Exercise 7: Continuous batch

Find average active requests during decode.

Code cell 22

# Your Solution
remaining = np.array([3, 1, 2])
print("Starter: decrement active requests one step at a time.")

Code cell 23

# Solution
remaining = np.array([3, 1, 2])
active_counts = []
while (remaining > 0).any():
    active = remaining > 0
    active_counts.append(active.sum())
    remaining[active] -= 1
print("active counts:", active_counts)
print("average:", np.mean(active_counts))

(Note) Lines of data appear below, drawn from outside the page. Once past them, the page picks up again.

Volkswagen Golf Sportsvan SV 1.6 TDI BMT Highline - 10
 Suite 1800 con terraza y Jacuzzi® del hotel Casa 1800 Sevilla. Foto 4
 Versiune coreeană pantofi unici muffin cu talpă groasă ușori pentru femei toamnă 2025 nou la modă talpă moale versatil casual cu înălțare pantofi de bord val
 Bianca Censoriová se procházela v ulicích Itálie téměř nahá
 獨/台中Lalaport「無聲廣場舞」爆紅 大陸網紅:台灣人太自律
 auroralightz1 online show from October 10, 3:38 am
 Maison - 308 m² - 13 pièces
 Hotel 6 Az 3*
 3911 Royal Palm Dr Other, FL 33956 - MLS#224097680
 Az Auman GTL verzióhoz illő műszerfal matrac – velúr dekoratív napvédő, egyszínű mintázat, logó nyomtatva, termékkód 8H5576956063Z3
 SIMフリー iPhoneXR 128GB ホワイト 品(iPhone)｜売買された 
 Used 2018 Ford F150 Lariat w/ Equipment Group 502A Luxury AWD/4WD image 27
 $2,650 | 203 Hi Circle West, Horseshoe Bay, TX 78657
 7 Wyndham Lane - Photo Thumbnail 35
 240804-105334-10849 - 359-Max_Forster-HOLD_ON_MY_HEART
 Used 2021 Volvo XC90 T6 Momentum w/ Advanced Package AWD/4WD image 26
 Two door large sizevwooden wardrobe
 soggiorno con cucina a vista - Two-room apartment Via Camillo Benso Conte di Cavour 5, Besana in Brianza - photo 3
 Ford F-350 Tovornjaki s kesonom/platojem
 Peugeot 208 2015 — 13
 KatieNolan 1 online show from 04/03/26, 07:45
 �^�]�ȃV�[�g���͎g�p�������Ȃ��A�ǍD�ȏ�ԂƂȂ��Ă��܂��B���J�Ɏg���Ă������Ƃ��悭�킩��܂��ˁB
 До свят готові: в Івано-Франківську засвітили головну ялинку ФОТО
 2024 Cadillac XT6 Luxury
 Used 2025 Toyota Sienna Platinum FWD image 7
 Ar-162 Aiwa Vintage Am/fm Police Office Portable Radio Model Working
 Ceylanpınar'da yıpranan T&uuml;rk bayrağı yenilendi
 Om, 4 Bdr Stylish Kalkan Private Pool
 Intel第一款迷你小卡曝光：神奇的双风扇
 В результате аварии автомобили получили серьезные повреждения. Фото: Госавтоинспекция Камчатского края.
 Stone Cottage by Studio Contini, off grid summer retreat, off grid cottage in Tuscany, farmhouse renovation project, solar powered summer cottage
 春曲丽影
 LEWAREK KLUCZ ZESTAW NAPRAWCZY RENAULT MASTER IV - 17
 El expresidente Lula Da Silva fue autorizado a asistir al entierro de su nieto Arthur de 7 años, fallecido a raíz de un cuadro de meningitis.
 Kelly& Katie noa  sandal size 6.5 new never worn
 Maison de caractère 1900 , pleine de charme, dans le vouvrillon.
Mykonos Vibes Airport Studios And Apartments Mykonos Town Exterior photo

Exercise 8: Speculative speedup

Estimate speedup with 4 draft tokens, acceptance 0.75, draft cost fraction 0.10.

Code cell 25

# Your Solution
k = 4
a = 0.75
draft_cost = 0.10
print("Starter: expected tokens = 1 + k*a; cost = 1 + k*draft_cost.")

Code cell 26

# Solution
k = 4
a = 0.75
draft_cost = 0.10
speedup = (1 + k * a) / (1 + k * draft_cost)
print("speedup:", speedup)

Exercise 9: Latency budget

Compute TTFT and total latency.

Code cell 28

# Your Solution
queue, prefill, sample = 10, 90, 1
output_tokens, tpot = 50, 20
print("Starter: TTFT=queue+prefill+sample; total=TTFT+output_tokens*tpot.")

Code cell 29

# Solution
queue, prefill, sample = 10, 90, 1
output_tokens, tpot = 50, 20
ttft = queue + prefill + sample
total = ttft + output_tokens * tpot
print("TTFT:", ttft)
print("total:", total)

Exercise 10: Correctness checklist

Write four checks for an inference optimization.

Code cell 31

# Your Solution
print("Starter: include cache match, latency split, memory accounting, quality regression.")

Code cell 32

# Solution
checks = [
    "cached decode matches full recomputation",
    "prefill and decode latency are measured separately",
    "KV cache memory is computed for actual batch and context",
    "quality is checked after quantization or speculative decoding",
]
for check in checks:
    print("-", check)

Closing Reflection

Efficient inference work should always preserve the target behavior unless an approximation is intentional and measured.